**What you are asked to do:** Everything in the listing below from the line containing "Наручные часы Tommy" through the line containing "Livrenpoche : La" must be repeated exactly; the remaining lines are not wanted.

____ Record excerpts

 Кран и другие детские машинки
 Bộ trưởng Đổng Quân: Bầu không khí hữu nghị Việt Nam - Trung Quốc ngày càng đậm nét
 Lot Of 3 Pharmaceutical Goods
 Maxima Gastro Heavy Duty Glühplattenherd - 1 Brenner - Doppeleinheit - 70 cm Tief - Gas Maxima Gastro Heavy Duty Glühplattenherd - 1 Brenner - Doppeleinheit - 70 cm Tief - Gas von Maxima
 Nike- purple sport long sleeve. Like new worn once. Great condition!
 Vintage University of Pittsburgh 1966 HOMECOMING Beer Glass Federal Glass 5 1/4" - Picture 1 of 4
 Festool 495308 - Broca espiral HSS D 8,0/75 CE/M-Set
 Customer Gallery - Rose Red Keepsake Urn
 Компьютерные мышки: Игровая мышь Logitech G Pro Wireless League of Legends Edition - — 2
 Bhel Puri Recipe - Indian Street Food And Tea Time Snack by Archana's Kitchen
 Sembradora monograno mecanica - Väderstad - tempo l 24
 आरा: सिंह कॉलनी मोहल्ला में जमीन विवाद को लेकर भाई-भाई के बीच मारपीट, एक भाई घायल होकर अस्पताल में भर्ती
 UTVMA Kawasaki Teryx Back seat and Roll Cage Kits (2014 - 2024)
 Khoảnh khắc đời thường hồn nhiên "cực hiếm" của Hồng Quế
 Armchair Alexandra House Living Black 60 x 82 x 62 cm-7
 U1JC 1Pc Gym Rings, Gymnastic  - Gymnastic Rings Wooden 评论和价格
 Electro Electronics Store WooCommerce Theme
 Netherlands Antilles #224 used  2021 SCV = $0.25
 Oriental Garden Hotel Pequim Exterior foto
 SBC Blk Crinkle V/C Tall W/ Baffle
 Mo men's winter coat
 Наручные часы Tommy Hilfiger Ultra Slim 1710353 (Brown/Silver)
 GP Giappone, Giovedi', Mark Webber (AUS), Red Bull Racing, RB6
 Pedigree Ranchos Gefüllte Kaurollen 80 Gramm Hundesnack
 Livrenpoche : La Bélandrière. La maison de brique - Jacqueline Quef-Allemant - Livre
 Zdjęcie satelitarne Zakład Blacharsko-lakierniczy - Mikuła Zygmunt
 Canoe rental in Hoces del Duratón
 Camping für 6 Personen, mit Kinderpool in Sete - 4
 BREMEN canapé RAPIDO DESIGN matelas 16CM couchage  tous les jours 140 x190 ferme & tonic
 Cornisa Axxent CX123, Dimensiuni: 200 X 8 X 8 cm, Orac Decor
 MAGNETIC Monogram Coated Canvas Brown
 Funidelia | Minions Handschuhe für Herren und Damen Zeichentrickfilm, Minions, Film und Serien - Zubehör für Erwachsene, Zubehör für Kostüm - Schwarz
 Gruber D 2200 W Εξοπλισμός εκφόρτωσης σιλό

________

**Task solution:**
 Наручные часы Tommy Hilfiger Ultra Slim 1710353 (Brown/Silver)
 GP Giappone, Giovedi', Mark Webber (AUS), Red Bull Racing, RB6
 Pedigree Ranchos Gefüllte Kaurollen 80 Gramm Hundesnack
 Livrenpoche : La Bélandrière. La maison de brique - Jacqueline Quef-Allemant - Livre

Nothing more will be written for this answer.